L’Innominato ha scelto consapevolmente di dettar legge e di vivere al di fuori e al di sopra delle leggi, Don Rodrigo invece “Voleva ben sì fare il tiranno, ma non il tiranno selvatico…”. Non avendo altra scelta, comunque, Don Rodrigo decide di rivolgersi all’Innominato e una mattina parte con i suoi bravi, facendo finta di andare a caccia, per raggiungere il castellaccio. Questo era situato su un’altura, in modo da dominare tutta la valle e si poteva raggiungere solo da un sentiero che era facilmente controllabile dalle feritoie del castello. Il paesaggio è brullo, aspro, selvatico e riflette il carattere del personaggio stesso che lo abita (L’Innominato), che non aveva voluto niente e nessuno al di sopra di lui. All’imboccatura del sentiero più ripido c’è una taverna dove si fermano i bravi di Don Rodrigo. L’Osteria riportava due soli raggianti sull’insegna, ma era conosciuta da tutti come Malanotte. Al suo interno si trovano gli sgherri dell’Innominato; riconosciuto Don Rodrigo lo salutano rispettosamente come amico del loro padrone e Don Rodrigo consegna con noncuranza lo schioppo ai bravi dell’Innominato insieme a alcune monete d’oro, mentre ai suoi che lo aspetteranno all’Osteria lascia delle monete di minor valore.

Solo con il Griso, Don Rodrigo inizia la salita, si unisce a loro un altro bravo dell’Innominato e quindi Don Rodrigo e il Griso non avranno poi altri intoppi per arrivare al castello perché sono in compagnia di questa persona. Le stanze percorse da Don Rodrigo sono buie e piene di armi, oltre che di bravi che fanno la guardia. Finalmente Don Rodrigo è ammesso alla presenza dell’Innominato che ricambia il saluto ma nello stesso tempo rivela la sua diffidenza guardando le mani e il viso di Don Rodrigo.
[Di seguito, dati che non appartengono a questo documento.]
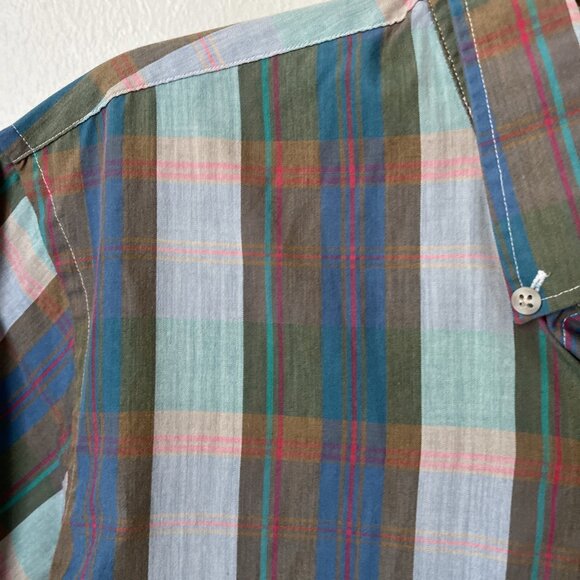 VTG Cacharel mens plaid short sleeve button shirt hipster thin blue L 60s 70s - Picture 3 of 5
Manzoni lo descrive come “Grande, bruno, calvo”, con pochi capelli bianchi, il volto segnato dalle rughe ma con occhi vivaci che indicavano ancora forza d’animo e di corpo. Don Rodrigo rivolge la sua richiesta di aiuto e di consiglio e esagerando la difficoltà dell’impresa, dello “Scellerato imbroglio”, cerca di solleticare la vanità dell’Innominato. Questi decide subito di dare il proprio assenso quando sente nominare Fra Cristoforo, sua antipatia per l’inimicizia aperta che aveva nei confronti dei tiranni. L’ostacolo presentato da Don Rodrigo come insormontabile, il monastero in cui Lucia si era rifugiata, all’Innominato sembra una sciocchezza, vista la sua conoscenza con Egidio: sembra proprio che egli voglia misurare di nuovo la sua capacità di fare del male che negli ultimi tempi non gli dava più quella soddisfazione che in genere provava ma anzi gli procurasse se non un rimorso, una qualche forma di ansia.